Prith Bannerjee
Chief Technology Officer, ANSYS
Prith Banerjee is Chief Technology Officer at ANSYS and is responsible for driving the long term technology strategy of the company. Prior to that, he was CTO of Schneider Electric, CTO of ABB, Managing Director at Accenture, and Director of HP Labs.
Previously, he spent 20 years in academia as Professor, Chairman and Dean at the University of Illinois and Northwestern University. In addition, Prith has founded two EDA software companies, Accelchip and Binachip.

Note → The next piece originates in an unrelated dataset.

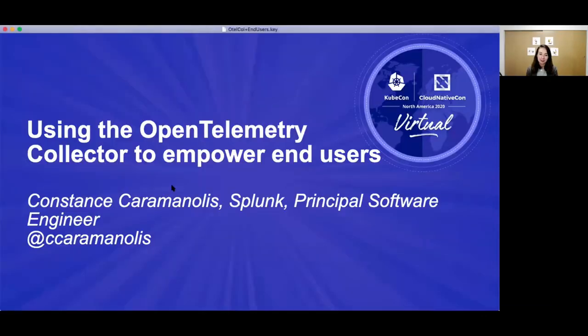Hi again, everyone. I'm Constance Karamanoulos, and today I will be talking to you about the OpenTelemetry Collector and how it empowers end users.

He has served on the Board of Directors of Cray, CUBIC, and Turntide. He is a Fellow of the AAAS, ACM and IEEE. He received a B.Tech. in electronics engineering from the Indian Institute of Technology, Kharagpur, and an M.S. and Ph.D. in electrical engineering from the University of Illinois, Urbana.
Presentation Title
AI Driven Digital Twins for Semiconductor Manufacturing FABS
Abstract
Semiconductor fabrication fabs consist of clean rooms with extremely sophisticated equipment that can support physico chemical processes such as chemical vapor deposition, epitaxial growth, ion implantation, and etching using which semiconductor circuits are created on wafers.

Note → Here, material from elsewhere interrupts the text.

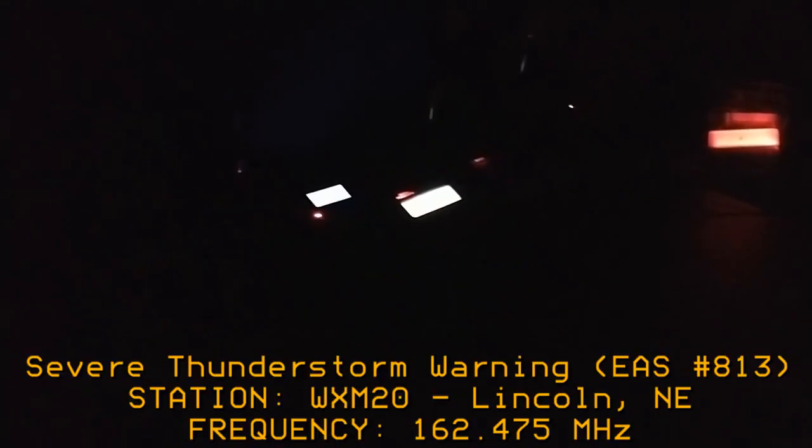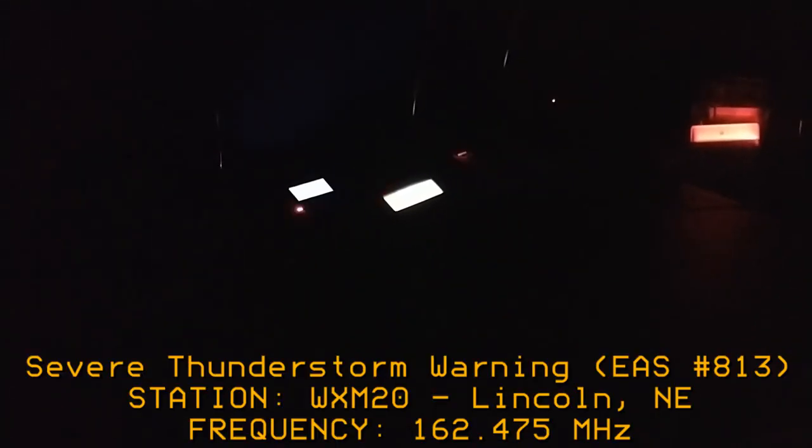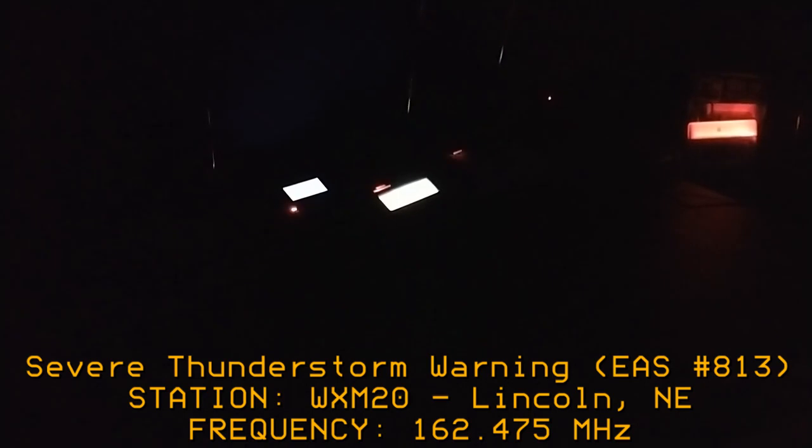At 7 p.m., a severe thunderstorm was located 3 miles west of Lashara, or 8 miles south of Fremont, moving east at 35 miles per hour.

There is a large push to completely au tom ate the production of semiconductor chips using IOT, sensors, automation and robotics. In this talk I will discuss the use of Digital Twins in semiconductor manufacturing fabs to drive higher yields, faster throughput, lower cost, and higher operating equipment efficiency.
Digital twins have a physical asset, a virtual model, and a two way information flow between the physical and virtual worlds using an IOT platform. One approach to build digital twins is to use data based analytics and AI/machine learning but this requires lots of training data and the accuracy is limited to the observed data. A second approach to build digital twins is to use physics based simulation which are very accurate, but they require long computation times to deploy.

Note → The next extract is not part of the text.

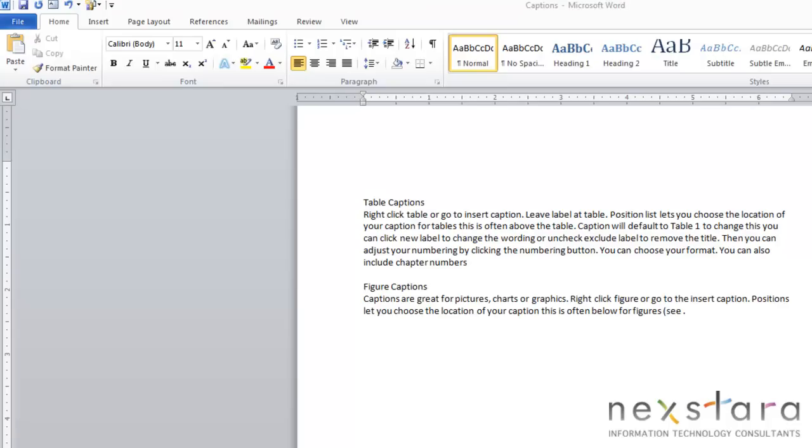Now, Word's caption feature can be better than manually numbering your graphics because with the caption feature, your numbers will automatically change if you add or remove a graphic or if you decide to edit your document.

In this talk I will discuss AI Driven Digital twins on the Industrial Metaverse that combine AI/ML based analytics and physics based simulation to build digital twins that are very accurate, require less training data, and drive high operational efficiency.
We will discuss how to build digital twins for semiconductor manufacturing equipment, digital twins for semiconductor manufacturing processes, and digital twins for the complete semiconductor manufacturing fab plant.